# PROMPT
Nothing but the lines from the one containing "นิ้ว มีแอมป์ในตัว Dbtechnologies" through the last line of the data below should be returned, each copied exactly.

# INFORMATION SUPPLIED

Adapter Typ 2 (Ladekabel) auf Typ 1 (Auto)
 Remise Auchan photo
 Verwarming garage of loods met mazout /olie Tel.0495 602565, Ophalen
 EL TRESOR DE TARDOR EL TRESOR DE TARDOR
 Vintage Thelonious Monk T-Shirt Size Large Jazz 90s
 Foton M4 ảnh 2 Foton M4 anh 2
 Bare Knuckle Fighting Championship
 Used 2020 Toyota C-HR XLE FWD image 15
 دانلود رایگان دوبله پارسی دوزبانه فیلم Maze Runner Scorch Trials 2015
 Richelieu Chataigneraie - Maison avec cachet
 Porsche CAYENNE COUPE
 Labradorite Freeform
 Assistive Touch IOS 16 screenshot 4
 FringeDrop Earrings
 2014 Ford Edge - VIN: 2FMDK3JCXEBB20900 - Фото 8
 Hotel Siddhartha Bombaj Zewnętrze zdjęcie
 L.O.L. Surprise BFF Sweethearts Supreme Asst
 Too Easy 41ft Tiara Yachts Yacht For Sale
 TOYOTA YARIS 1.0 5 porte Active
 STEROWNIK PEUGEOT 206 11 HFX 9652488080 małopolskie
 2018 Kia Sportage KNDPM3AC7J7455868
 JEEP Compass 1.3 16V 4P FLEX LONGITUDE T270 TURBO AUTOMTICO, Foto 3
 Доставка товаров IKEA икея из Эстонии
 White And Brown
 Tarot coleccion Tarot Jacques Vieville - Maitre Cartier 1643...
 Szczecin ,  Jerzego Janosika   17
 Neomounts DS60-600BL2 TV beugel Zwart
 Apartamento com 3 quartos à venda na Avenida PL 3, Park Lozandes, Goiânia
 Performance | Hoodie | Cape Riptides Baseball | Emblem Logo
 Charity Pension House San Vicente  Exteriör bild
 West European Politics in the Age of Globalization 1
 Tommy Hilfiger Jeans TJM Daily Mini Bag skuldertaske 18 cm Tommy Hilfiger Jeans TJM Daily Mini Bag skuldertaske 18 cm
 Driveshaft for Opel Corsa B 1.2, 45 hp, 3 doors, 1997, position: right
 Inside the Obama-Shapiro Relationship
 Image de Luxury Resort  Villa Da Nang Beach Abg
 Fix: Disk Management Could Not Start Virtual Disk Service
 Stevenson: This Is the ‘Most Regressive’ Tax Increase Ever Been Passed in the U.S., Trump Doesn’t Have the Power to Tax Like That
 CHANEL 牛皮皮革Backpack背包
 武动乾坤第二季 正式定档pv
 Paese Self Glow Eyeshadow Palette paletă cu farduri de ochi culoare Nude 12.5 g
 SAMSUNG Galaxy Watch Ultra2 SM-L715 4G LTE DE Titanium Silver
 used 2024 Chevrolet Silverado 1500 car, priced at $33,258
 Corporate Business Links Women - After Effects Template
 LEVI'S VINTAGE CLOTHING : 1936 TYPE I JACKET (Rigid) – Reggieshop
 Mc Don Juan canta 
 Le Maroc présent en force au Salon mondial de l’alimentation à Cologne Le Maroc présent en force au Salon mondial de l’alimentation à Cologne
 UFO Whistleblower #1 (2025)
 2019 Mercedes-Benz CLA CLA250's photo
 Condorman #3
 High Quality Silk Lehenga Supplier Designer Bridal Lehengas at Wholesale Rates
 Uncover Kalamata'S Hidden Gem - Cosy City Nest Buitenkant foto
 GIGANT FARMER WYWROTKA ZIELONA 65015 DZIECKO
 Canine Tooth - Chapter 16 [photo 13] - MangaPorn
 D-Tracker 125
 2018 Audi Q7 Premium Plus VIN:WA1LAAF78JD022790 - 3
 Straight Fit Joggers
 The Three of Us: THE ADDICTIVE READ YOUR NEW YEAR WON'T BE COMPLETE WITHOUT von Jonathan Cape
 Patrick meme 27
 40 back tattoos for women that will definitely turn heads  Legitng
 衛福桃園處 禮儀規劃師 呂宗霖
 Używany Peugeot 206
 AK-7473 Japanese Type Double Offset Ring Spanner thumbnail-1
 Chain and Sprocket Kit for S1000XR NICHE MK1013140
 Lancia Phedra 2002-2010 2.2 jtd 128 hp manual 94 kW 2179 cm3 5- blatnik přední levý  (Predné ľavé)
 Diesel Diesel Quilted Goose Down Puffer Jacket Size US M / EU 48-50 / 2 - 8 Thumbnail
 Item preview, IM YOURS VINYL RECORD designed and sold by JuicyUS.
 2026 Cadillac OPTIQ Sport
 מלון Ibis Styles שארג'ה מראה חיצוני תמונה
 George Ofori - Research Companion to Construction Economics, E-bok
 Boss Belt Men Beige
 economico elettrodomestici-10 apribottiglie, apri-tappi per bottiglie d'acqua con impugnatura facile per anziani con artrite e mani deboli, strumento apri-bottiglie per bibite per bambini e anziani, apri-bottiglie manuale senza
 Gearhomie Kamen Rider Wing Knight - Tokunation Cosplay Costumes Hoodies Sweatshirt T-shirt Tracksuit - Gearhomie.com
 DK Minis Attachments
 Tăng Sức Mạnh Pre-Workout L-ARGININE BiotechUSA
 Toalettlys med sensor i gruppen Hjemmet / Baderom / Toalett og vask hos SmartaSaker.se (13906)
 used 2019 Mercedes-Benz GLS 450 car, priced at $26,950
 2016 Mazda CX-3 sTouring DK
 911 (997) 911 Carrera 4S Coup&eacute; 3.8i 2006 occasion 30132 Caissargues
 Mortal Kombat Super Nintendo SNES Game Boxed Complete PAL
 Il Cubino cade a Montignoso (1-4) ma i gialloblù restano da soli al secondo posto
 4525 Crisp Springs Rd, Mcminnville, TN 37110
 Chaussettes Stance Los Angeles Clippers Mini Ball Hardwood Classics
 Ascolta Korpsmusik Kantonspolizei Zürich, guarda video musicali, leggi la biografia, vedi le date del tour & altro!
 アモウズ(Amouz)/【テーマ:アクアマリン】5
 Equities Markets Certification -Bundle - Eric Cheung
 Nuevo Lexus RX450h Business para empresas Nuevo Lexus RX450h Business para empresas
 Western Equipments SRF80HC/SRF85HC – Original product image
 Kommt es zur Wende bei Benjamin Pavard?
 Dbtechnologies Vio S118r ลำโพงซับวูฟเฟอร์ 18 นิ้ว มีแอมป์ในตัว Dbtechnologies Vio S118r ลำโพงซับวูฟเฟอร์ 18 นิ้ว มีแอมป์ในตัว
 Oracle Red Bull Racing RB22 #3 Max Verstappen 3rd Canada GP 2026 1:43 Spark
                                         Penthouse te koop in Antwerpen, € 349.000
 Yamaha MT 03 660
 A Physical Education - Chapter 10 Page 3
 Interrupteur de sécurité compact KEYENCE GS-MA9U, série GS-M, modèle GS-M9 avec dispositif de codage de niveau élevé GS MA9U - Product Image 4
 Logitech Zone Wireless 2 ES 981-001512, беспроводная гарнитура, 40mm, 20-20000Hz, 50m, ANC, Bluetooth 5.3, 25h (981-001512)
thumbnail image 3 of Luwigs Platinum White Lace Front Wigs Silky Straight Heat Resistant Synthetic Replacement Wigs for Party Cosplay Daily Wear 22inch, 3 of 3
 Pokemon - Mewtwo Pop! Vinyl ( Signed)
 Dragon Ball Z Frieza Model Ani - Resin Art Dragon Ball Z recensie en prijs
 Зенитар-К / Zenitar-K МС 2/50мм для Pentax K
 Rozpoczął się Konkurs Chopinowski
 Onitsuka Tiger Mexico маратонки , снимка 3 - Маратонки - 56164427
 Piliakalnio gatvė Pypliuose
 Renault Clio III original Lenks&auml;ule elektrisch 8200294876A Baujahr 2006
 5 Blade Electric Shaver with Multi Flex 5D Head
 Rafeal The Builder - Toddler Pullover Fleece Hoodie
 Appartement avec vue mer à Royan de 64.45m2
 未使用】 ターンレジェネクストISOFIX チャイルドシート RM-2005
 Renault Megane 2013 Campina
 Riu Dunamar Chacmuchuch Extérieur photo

# ANSWER TO THIS TASK
 Dbtechnologies Vio S118r ลำโพงซับวูฟเฟอร์ 18 นิ้ว มีแอมป์ในตัว Dbtechnologies Vio S118r ลำโพงซับวูฟเฟอร์ 18 นิ้ว มีแอมป์ในตัว
 Oracle Red Bull Racing RB22 #3 Max Verstappen 3rd Canada GP 2026 1:43 Spark
                                         Penthouse te koop in Antwerpen, € 349.000
 Yamaha MT 03 660
 A Physical Education - Chapter 10 Page 3
 Interrupteur de sécurité compact KEYENCE GS-MA9U, série GS-M, modèle GS-M9 avec dispositif de codage de niveau élevé GS MA9U - Product Image 4
 Logitech Zone Wireless 2 ES 981-001512, беспроводная гарнитура, 40mm, 20-20000Hz, 50m, ANC, Bluetooth 5.3, 25h (981-001512)
thumbnail image 3 of Luwigs Platinum White Lace Front Wigs Silky Straight Heat Resistant Synthetic Replacement Wigs for Party Cosplay Daily Wear 22inch, 3 of 3
 Pokemon - Mewtwo Pop! Vinyl ( Signed)
 Dragon Ball Z Frieza Model Ani - Resin Art Dragon Ball Z recensie en prijs
 Зенитар-К / Zenitar-K МС 2/50мм для Pentax K
 Rozpoczął się Konkurs Chopinowski
 Onitsuka Tiger Mexico маратонки , снимка 3 - Маратонки - 56164427
 Piliakalnio gatvė Pypliuose
 Renault Clio III original Lenks&auml;ule elektrisch 8200294876A Baujahr 2006
 5 Blade Electric Shaver with Multi Flex 5D Head
 Rafeal The Builder - Toddler Pullover Fleece Hoodie
 Appartement avec vue mer à Royan de 64.45m2
 未使用】 ターンレジェネクストISOFIX チャイルドシート RM-2005
 Renault Megane 2013 Campina
 Riu Dunamar Chacmuchuch Extérieur photo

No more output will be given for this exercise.